The historic diamond was recovered from the Karowe mine in Botswana in November 2015.
Commenting on the latest development President and CEO of Lucara Diamonds Corp, William Lamb, said the discovery of the Lesedi La Rona was a company’s defining event.
“It solidified the amazing potential and rareness of the diamonds recovered at the Karowe mine. We took our time to find a buyer who would take the diamond through its next stage of evolution,” he said.
He said the price paid is also an improvement on the highest bid received at the Sotheby’s auction in June 2016.
“Graff Diamonds is now the owner of the Lesedi La Rona as well as the 373 carat diamond, purchased earlier this year, which formed part of the original stone. We are excited to follow these diamonds through the next stage of their journey,” said Lamb.
Chairman of Graff Diamonds, Laurence Graff said they were thrilled and honoured to become the new custodians of such an incredible diamond.
“The stone will tell us its story, it will dictate how it wants to be cut, and we will take the utmost care to respect its exceptional properties. This is a momentous day in my career, and I am privileged to be given the opportunity to honour the magnificent natural beauty of the Lesedi La Rona,” he said.
The sale of the historic diamond comes at a time when Botswana Government is amending the law to give the state the first option to buy ‘unusual’ diamond finds such as Lesedi La Rona discovered at Karowe Mine two years ago.
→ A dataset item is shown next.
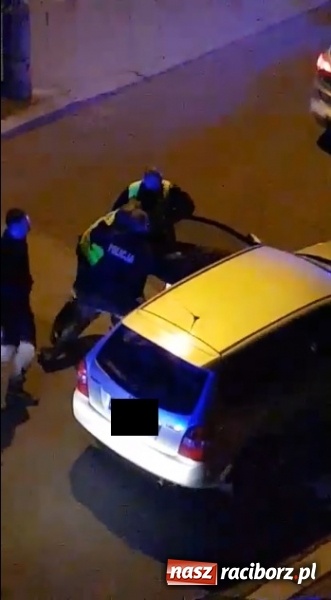 Zdjęcie w galerii na portalu naszraciborz.pl: Akcja policji na Bema. Zatrzymanie pijanego kierowcy mazdy [WIDEO] wiadomości z regionu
The draft Bill for amending the Precious and Semi-Precious Stones Act contains a new clause that compels any producer that comes into possession of an unusual rough or uncut diamond to notify the minister within 30 days following which government shall have the right of first refusal to the stone.
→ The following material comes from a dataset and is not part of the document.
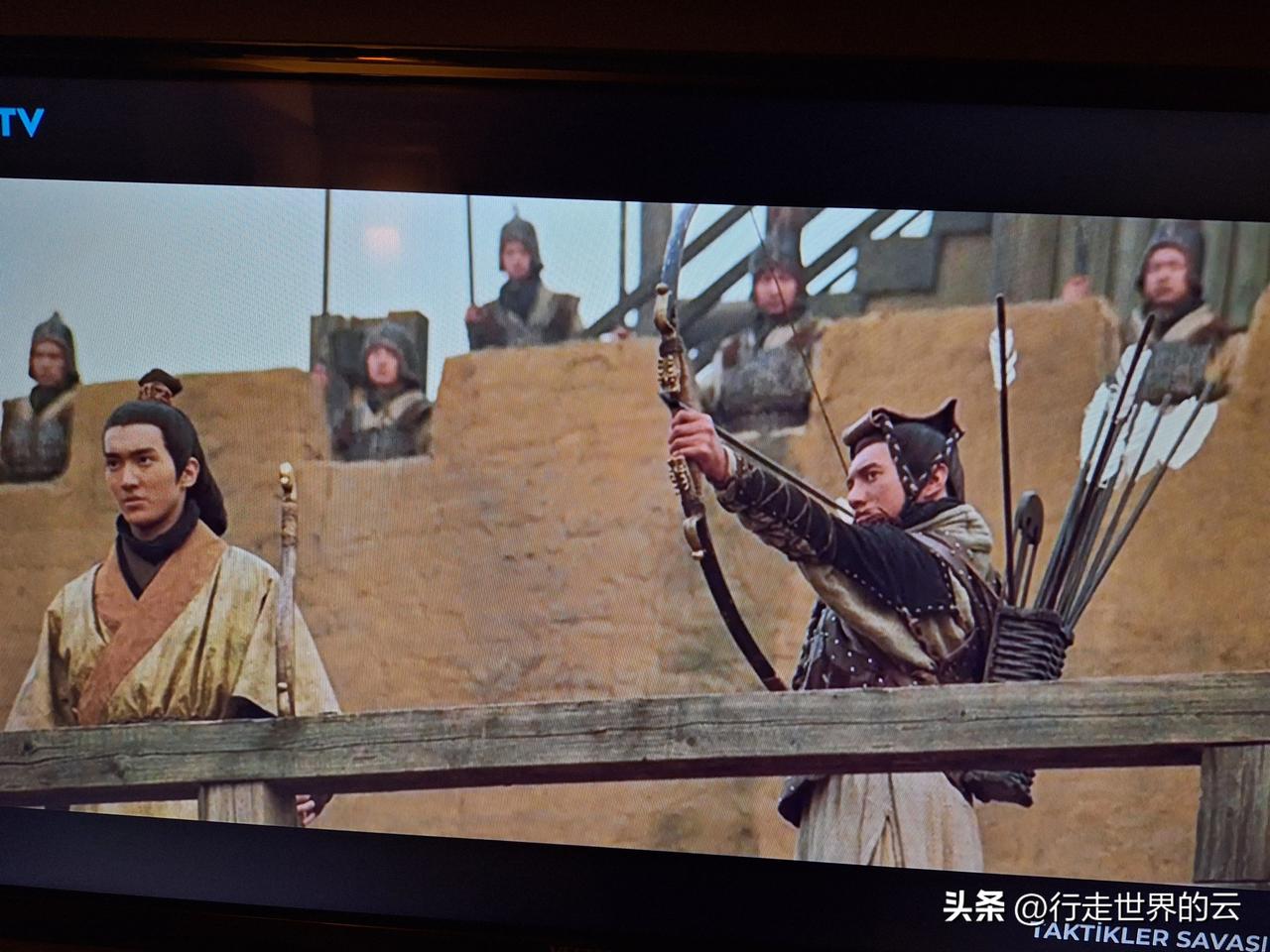 无所不知的豆包 豆包真神 你能看出这是我国哪部古装剧吗？也欢迎广大条友指点[玫瑰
“The price to be paid by government for a rough or uncut precious stone offered for sale by the producer shall be agreed between the parties in accordance with the current market price of the rough or uncut precious stone,” read the Bill.
Lucara said the proposed law giving the Botswana government priority to buy large rough diamonds would not affect the company.
Lucara agrees with the policy “as a way for both the government and the company to achieve sustainable revenue at market prices for the sale of its diamonds,” it said last week.